He confirms on the ground the inescapable but conventionally unprintable judgment that the American "predator drones" have been the Taliban's most effective weapon and own moral downfall. "All you read in the papers here is the successful 'hits' on militant hideouts. What you don't get is what you get in Pakistani papers: 'Five More Wedding Guests Killed in Party' and 'Petraeus Apologizes.'"

In Afghanistan this Spring, it struck Willy Dalrymple that "the whole thing is on its last legs, considerably worse than I expected or had been led to believe by reports I'd read. The Taliban are everywhere... The only answer now must be some way to bring the Taliban and the Pashtuns into government. But there's no sense that Obama or Holbrooke are ready to break that to the American people. It's blindingly obvious. The Brits and the Europeans and Karzai are all pushing for it. The Americans are the only ones not taking the view that the Taliban has to be brought in..."

I was in Jalalabad on my trip, and I went to a Jurga there of the tribal elders... I was trying to get to Gandamak, the site of the British last stand in 1842, the symbol of the failure of the first British attempt, the first Western attempt, to take over Afghanistan: 18,000 East India Company troops march in in 1839 -- like our own war of our generation, a surprisingly effortless conquest. The enemy merge off into the hills, the British spend two years skating, playing cricket and thinking they've got Kabul. There's even discussion about making Kabul the summer capital of the Raj. Then an insurgency starts among the Pashtun of Helmand and it spreads northwards, until eventually there's a revolution in Kabul. The two senior British leaders, the civilian and the military leader, both get murdered in the streets and the East India Company troops march out in 1842 in the middle of winter, and are ambushed on the return. 18,000 march out, one man makes it through to Jalalabad. And the last stand of the last 50, before that man escapes, is at Gandamak.

Now I wanted to go see this place -- my next book is about the First Anglo-Afghan War and the parallels with the present. And the only way to get to that area, because it's now under Taliban control, is to go off with the leaders. So I went off with a wonderful ex-Mujahideen, ex-Olympic wrestler called Anwar Khan Jigdalek who's this mountain of a guy with cauliflower ears. And we went off with six trucks full of former Muj, all with keffiyehs wrapped around their heads, and rocket propelled grenades, the full-monty. And we got to his home village -- which is, again, where about half the British army was massacred in 1842. And he is taken, feted by his people and taken to his old entrenchments, a feast was laid on. By the time we'd actually finished this blessed feast, it was too late to go to Gandamak, because it was five in the afternoon -- and with the darkness comes the Taliban. So we headed to Jalalabad...

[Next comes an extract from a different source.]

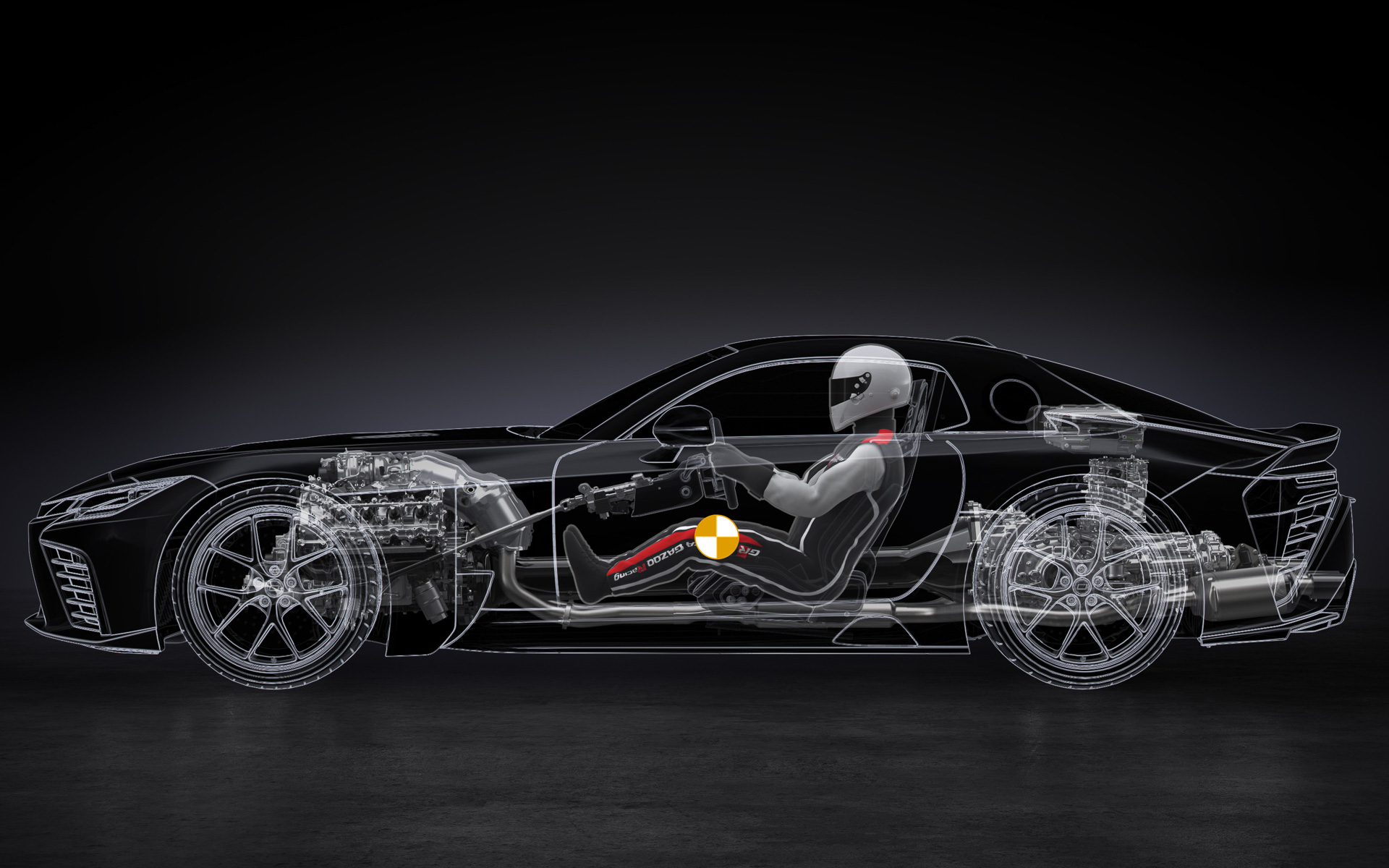 GR GTの構造物概念図。とにかく低く低く搭載されている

The next day I go to the Jurga and I talked to the elders. Where we were sitting in Jalalabad was, by chance, beside the Jalalabad airfield, which is one of the major takeoff zones for the drones. And as we're having this conversation, these sinister creatures, these pilotless craft were taking off and landing the whole time... And one of the elders told me about an interview he'd had with some American soldiers in a hotel in Jalalabad the previous week. And the American had asked: "Tell me, why do you hate us? We've come, we're trying to help, we're trying to bring democracy. We've built roads -- why do you hate us?" And the man replied: "Because you come in our houses, you knock down our doors, you take our women by the hair, you kick our children, and we will not allow it. We will break your teeth like we broke the teeth of the British, and like the British, eventually you will leave." And he said: "The Americans know that this war is lost. It is only their politicians who pretend they can win it."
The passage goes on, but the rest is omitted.